- Task goal: Set down, unchanged, the line holding "A set of two" and all lines that follow it to the end of the material, leaving pictures out.
(Dataset excerpt begins)
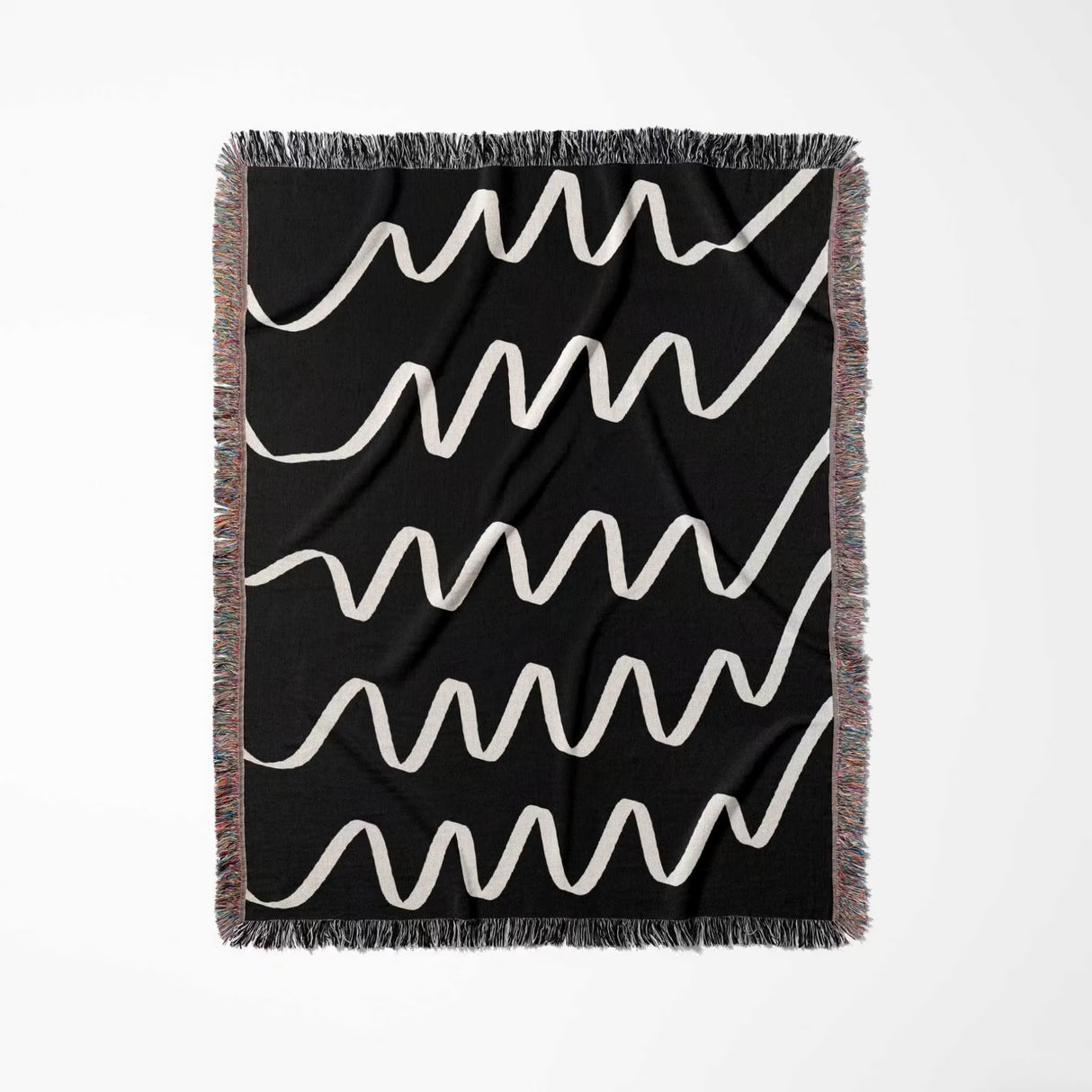 Black and white accent decorative woven blanket throw tapestry with white wavy lines and multicolored fringe full view on a light gray background
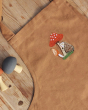 Avery Row Kid's Apron - Woodland Hedgehog. A beautiful light brown cotton canvas apron with a detailed, embroidered hedgehog and mushroom pattern of the chest of the apron, laid on a wooden table next to wooden, toy mushrooms.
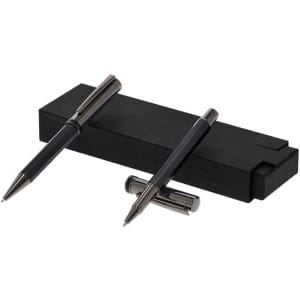 A set of two sleek black metal pens resting on a matching black box, with a simple logo present on the box.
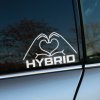 Na obrázku vidíme nálepku na bočnom okne auta s nápisom "HYBRID". Dve ruky formujúce srdce sú umiestnené nad slovom "HYBRID", čo pridáva nálepke jedinečný a moderný vzhľad. Tento dizajn je ideálny pre majiteľov hybridných vozidiel, ktorí chcú svojmu autu dodať osobitý dotyk. Nálepka nielen zlepšuje estetiku vášho auta, ale aj vyjadruje vašu podporu pre ekologické a udržateľné technológie. Je to perfektný doplnok pre každého, kto chce zdôrazniť svoju lásku k hybridným technológiám a spraviť svoje auto ešte výnimočnejším na cestách.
(Dataset excerpt ends)
- Written response:
 A set of two sleek black metal pens resting on a matching black box, with a simple logo present on the box.
 Na obrázku vidíme nálepku na bočnom okne auta s nápisom "HYBRID". Dve ruky formujúce srdce sú umiestnené nad slovom "HYBRID", čo pridáva nálepke jedinečný a moderný vzhľad. Tento dizajn je ideálny pre majiteľov hybridných vozidiel, ktorí chcú svojmu autu dodať osobitý dotyk. Nálepka nielen zlepšuje estetiku vášho auta, ale aj vyjadruje vašu podporu pre ekologické a udržateľné technológie. Je to perfektný doplnok pre každého, kto chce zdôrazniť svoju lásku k hybridným technológiám a spraviť svoje auto ešte výnimočnejším na cestách.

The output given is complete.